Studio delivers 300 VFX shots, including never-before-seen Bruce Banner / Hulk hybrid, for Anthony and Joe Russo’s box office smash ‘Infinity War’ follow-up.


Framestore delivers 300 VFX shots, including the never-before-seen Bruce Banner / Hulk hybrid, for Anthony and Joe Russo’s ‘Avengers: Endgame.’ All images © 2019 Marvel Studios.

After more than 10 years and 22 films, Avengers: Endgame marks the end of an era for both Marvel Studios and Framestore. Having produced stunning visuals on 11 films in the build-up to this epic finale, the creative studio was excited to jump on board and tackle some key sequences and characters - ultimately delivering over 300 VFX shots on what seems likely to become the highest grossing feature film of all time.

Framestore was tasked with breathing life into a “Smart Hulk,” a never-seen-before Bruce Banner / Hulk hybrid. Balancing the human performance of Banner and the seismic power of the Hulk required a deft mix of cutting-edge technology and Framestore’s world-renowned animation expertise -- the result is a striking fully-CG character whose unique performance is loaded with human nuance, emotion and comedy.

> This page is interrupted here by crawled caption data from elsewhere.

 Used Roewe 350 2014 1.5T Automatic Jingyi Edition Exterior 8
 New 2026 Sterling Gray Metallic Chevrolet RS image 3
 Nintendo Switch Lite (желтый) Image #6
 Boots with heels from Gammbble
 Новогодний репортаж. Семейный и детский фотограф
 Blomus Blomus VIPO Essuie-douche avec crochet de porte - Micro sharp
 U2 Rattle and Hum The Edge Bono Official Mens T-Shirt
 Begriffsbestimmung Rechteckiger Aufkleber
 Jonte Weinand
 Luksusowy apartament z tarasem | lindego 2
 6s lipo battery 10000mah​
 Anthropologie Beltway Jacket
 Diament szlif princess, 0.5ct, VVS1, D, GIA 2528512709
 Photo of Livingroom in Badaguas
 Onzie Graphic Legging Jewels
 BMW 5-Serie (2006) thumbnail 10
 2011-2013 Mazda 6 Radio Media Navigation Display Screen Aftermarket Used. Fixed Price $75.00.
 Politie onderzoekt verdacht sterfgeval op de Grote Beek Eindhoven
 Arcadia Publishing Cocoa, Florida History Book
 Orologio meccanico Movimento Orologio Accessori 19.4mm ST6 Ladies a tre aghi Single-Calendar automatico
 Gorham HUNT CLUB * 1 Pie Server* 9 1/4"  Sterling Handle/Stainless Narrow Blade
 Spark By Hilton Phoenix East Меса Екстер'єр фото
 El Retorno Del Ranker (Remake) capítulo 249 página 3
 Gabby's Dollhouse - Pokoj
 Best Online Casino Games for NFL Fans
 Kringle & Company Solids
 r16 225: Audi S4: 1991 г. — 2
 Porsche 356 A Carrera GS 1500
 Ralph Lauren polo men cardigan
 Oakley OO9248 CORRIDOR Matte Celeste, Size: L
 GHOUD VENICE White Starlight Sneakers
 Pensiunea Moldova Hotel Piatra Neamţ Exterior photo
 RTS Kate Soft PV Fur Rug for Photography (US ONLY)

To kick-start this process, a small Framestore team developed machine-learning technology needed to create a solve from source footage of Mark Ruffalo that would match in animation. “It was a way of convincing the client that we had the software that could do this quickly,” CG supervisor Robert Allman explains. The result was a first pass of animation that the filmmakers, Anthony and Joe Russo, could use to decide on the edit and begin the process of refining and adding face-shapes to use in the rig. Keyframe animation was then used on over 60 Smart Hulk shots, with head cam footage from the shoot used as reference. This performance was key for the animators on the film. Animation supervisor Max Solomon notes, “It was absolutely about channeling Bruce Banner. His face is very expressive. Every nuance, every little twitch and eye dart, slight curl of the lip and muscle tension needed to be translated.”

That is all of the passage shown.